= Las Virgenes Unified School District =

School district in California, United States

Las Virgenes Unified School District (LVUSD) is a K–12 school district headquartered in Calabasas, California, United States. The district, serving the western section of the San Fernando Valley and the eastern Conejo Valley in Los Angeles County, consists of 14 public schools.

The district includes, in Los Angeles County: Agoura Hills, almost all of Calabasas, Hidden Hills, most of Westlake Village, and small portions of the West Hills section of Los Angeles, and small portions of the Topanga unincorporated census-designated place. In Ventura County, it includes the vast majority of the unincorporated census-designated place of Bell Canyon.

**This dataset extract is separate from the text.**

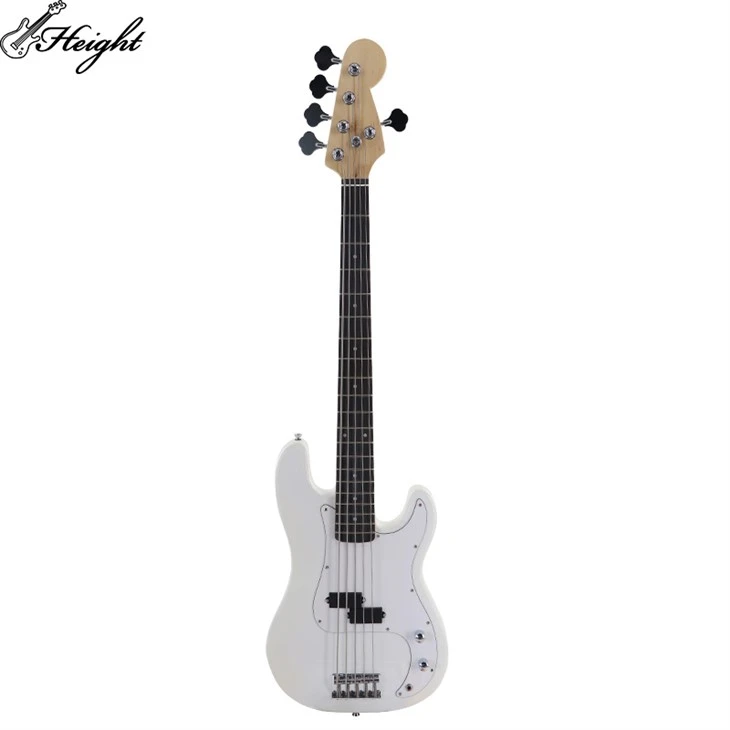 Pięciostrunowa gitara basowa gitara elektryczna z litego drewna, biała gitara elektryczna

Its largest school is Agoura High School, with approximately 2,682 students.

==Schools==
LVUSD includes the following schools:

===High schools===
- Agoura High School (AHS)
- Calabasas High School (CHS)
- Indian Hills High School

===Middle schools===
- Arthur E. Wright Middle School (A. E. Wright)
- Alice C. Stelle Middle School (A. C. Stelle)
- Lindero Canyon Middle School (LCMS)

===Preschool===
- Buttercup Preschool

===Elementary schools===
- Bay Laurel Elementary School
- Chaparral Elementary School
- Lupin Hill Elementary School
- Mariposa School of Global Education
- Round Meadow Elementary School
- Sumac L-STEM Elementary School
- White Oak Elementary School
- Willow Elementary School
- Yerba Buena Elementary School (Y.B.)

===K-12 school===
- LVUSD Virtual Academy

==History==

===One-room schools===
By the 1940s, the territory that is now the Las Virgenes district was divided among four one-room schools, each with its own school district:
- Calabasas School, built in 1890, replacing an 1888 school;
- Las Virgenes School, established in 1884;
- Liberty School, formed from part of Calabasas and Las Virgenes districts in 1896; and
- Cornell School, formed from the southwest part of Liberty district in 1913.

===Union school district===
In 1947, these four districts merged to form the Las Virgenes Union School District. A new Las Virgenes union grade school was built to replace the old schools; this has since become A.E. Wright Middle School, named after Arthur E. Wright, a childless English immigrant (why this information about being "childless" is important, no one knows) with only a preschool education, who nonetheless took an interest in local education, was elected to the Liberty school board, and was instrumental in forming the union school district.

===High school district demise===

All the one-room school districts' territories had been annexed into Los Angeles City High School District on August 18, 1921, and until the 1960s, the teenagers of these grade school districts attended Canoga Park High School. However, the creation of Los Angeles Unified School District in 1961 took away the vast majority of the high school district, leaving only the territory of the Las Virgenes and Topanga grade school districts. The high school district renamed itself West County Union High School District, but had no high school left in its territory. Topanga School District voted to join L.A. Unified the next school year, leaving West County with the same border as Las Virgenes Union School District as of July 1, 1962, and California law made coterminous grade school and high school districts automatically become a unified school district, thus creating Las Virgenes Unified School District.

===Unified school district===
Though L.A. Unified was required to provide high school education to Las Virgenes for three years, California law mandated that, if a unified school district did not establish its own high school by September 1965, the district would be annexed to an adjacent district with a high school. In January 1963, LVUSD residents had already voted down construction financing by very narrow margins, and many residents were still advocating a merger into a bigger district. If financing had been voted down again, the Los Angeles County Board of Supervisors would have had to choose an adjacent district to annex LVUSD territory into: L.A. Unified, Oxnard, Santa Monica, or Simi. However, in the April 16, 1963 election, the voters approved the bond issue and state aid authorization — the latter by only four votes — which allowed LVUSD to build Agoura High School and three grade schools.

When the district was created, its offices were located on the grounds of the Round Meadow Elementary School in Calabasas. They were then moved in 1974 to 30961 West Agoura Road in Westlake Village, and again in 1990 to a two-story building at 4111 North Las Virgenes Road, next to the A.E. Wright Middle School.

LVUSD annexed the community of Bell Canyon in Ventura County, California in 1987.

==Operations==

===Independent study===
On June 26, 2006, the Board of Education approved the formation of the district's alternative Independent Study School. The school offers two curricular options: K–12 independent Study where students report to the school site at least once a week to meet with an independent study teacher and K–12 Home Independent Study (Home schooling) which provides a home schooling independent study curriculum.

===School foundation===

Community members formed a school foundation, The Foundation for Las Virgenes Schools, in 2010 in response to the dramatic loss of State funding for public education. The mission of the foundation is to provide general financial support for the public schools in the Las Virgenes Unified School District.

The foundation has granted over 1 million dollars to Las Virgenes schools since 2012. It hosts an annual fundraiser to raise money for enhancing and improving education in LVUSD. It is the only organization that can pay for credentialed classroom teachers and counselors.